[Start of Attachment]

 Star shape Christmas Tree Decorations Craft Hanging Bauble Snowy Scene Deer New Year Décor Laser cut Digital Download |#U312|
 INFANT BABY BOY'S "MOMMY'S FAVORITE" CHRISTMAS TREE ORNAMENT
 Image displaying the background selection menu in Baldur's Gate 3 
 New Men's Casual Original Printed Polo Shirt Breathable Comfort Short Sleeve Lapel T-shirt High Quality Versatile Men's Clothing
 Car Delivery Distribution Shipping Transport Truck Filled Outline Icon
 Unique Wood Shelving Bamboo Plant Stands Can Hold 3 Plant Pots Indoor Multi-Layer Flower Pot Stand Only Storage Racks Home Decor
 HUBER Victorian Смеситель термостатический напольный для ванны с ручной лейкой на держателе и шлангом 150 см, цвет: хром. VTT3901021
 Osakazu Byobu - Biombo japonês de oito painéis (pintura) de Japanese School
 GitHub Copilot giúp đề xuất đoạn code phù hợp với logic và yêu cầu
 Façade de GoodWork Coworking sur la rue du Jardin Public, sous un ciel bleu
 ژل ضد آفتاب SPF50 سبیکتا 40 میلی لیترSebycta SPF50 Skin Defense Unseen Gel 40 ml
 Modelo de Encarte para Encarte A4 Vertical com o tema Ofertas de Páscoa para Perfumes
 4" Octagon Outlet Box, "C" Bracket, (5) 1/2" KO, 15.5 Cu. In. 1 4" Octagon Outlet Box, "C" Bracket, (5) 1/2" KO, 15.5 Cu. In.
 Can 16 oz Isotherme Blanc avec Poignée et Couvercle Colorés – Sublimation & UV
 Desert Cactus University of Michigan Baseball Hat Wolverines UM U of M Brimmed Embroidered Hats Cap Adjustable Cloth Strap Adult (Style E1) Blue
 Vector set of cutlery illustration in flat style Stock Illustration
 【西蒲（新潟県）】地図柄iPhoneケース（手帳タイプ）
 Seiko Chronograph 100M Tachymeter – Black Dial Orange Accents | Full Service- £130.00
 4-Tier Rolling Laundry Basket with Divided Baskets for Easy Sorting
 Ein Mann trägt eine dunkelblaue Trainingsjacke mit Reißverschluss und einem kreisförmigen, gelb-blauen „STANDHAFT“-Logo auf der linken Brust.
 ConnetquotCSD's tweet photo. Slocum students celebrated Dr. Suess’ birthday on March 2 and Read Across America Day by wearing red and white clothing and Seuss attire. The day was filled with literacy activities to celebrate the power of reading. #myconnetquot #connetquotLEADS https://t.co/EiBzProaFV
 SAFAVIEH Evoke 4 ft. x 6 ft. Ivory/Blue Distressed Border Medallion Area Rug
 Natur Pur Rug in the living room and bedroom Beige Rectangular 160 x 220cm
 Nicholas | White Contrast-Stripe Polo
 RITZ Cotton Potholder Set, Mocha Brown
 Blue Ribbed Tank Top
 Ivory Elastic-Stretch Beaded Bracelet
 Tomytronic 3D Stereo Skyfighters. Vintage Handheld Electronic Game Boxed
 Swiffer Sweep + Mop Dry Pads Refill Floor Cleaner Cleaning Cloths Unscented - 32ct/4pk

[End of Attachment]

REQUIREMENT »
Exactly as given, set down all of the lines above.

TASK ANSWER »
 Star shape Christmas Tree Decorations Craft Hanging Bauble Snowy Scene Deer New Year Décor Laser cut Digital Download |#U312|
 INFANT BABY BOY'S "MOMMY'S FAVORITE" CHRISTMAS TREE ORNAMENT
 Image displaying the background selection menu in Baldur's Gate 3 
 New Men's Casual Original Printed Polo Shirt Breathable Comfort Short Sleeve Lapel T-shirt High Quality Versatile Men's Clothing
 Car Delivery Distribution Shipping Transport Truck Filled Outline Icon
 Unique Wood Shelving Bamboo Plant Stands Can Hold 3 Plant Pots Indoor Multi-Layer Flower Pot Stand Only Storage Racks Home Decor
 HUBER Victorian Смеситель термостатический напольный для ванны с ручной лейкой на держателе и шлангом 150 см, цвет: хром. VTT3901021
 Osakazu Byobu - Biombo japonês de oito painéis (pintura) de Japanese School
 GitHub Copilot giúp đề xuất đoạn code phù hợp với logic và yêu cầu
 Façade de GoodWork Coworking sur la rue du Jardin Public, sous un ciel bleu
 ژل ضد آفتاب SPF50 سبیکتا 40 میلی لیترSebycta SPF50 Skin Defense Unseen Gel 40 ml
 Modelo de Encarte para Encarte A4 Vertical com o tema Ofertas de Páscoa para Perfumes
 4" Octagon Outlet Box, "C" Bracket, (5) 1/2" KO, 15.5 Cu. In. 1 4" Octagon Outlet Box, "C" Bracket, (5) 1/2" KO, 15.5 Cu. In.
 Can 16 oz Isotherme Blanc avec Poignée et Couvercle Colorés – Sublimation & UV
 Desert Cactus University of Michigan Baseball Hat Wolverines UM U of M Brimmed Embroidered Hats Cap Adjustable Cloth Strap Adult (Style E1) Blue
 Vector set of cutlery illustration in flat style Stock Illustration
 【西蒲（新潟県）】地図柄iPhoneケース（手帳タイプ）
 Seiko Chronograph 100M Tachymeter – Black Dial Orange Accents | Full Service- £130.00
 4-Tier Rolling Laundry Basket with Divided Baskets for Easy Sorting
 Ein Mann trägt eine dunkelblaue Trainingsjacke mit Reißverschluss und einem kreisförmigen, gelb-blauen „STANDHAFT“-Logo auf der linken Brust.
 ConnetquotCSD's tweet photo. Slocum students celebrated Dr. Suess’ birthday on March 2 and Read Across America Day by wearing red and white clothing and Seuss attire. The day was filled with literacy activities to celebrate the power of reading. #myconnetquot #connetquotLEADS https://t.co/EiBzProaFV
 SAFAVIEH Evoke 4 ft. x 6 ft. Ivory/Blue Distressed Border Medallion Area Rug
 Natur Pur Rug in the living room and bedroom Beige Rectangular 160 x 220cm
 Nicholas | White Contrast-Stripe Polo
 RITZ Cotton Potholder Set, Mocha Brown
 Blue Ribbed Tank Top
 Ivory Elastic-Stretch Beaded Bracelet
 Tomytronic 3D Stereo Skyfighters. Vintage Handheld Electronic Game Boxed
 Swiffer Sweep + Mop Dry Pads Refill Floor Cleaner Cleaning Cloths Unscented - 32ct/4pk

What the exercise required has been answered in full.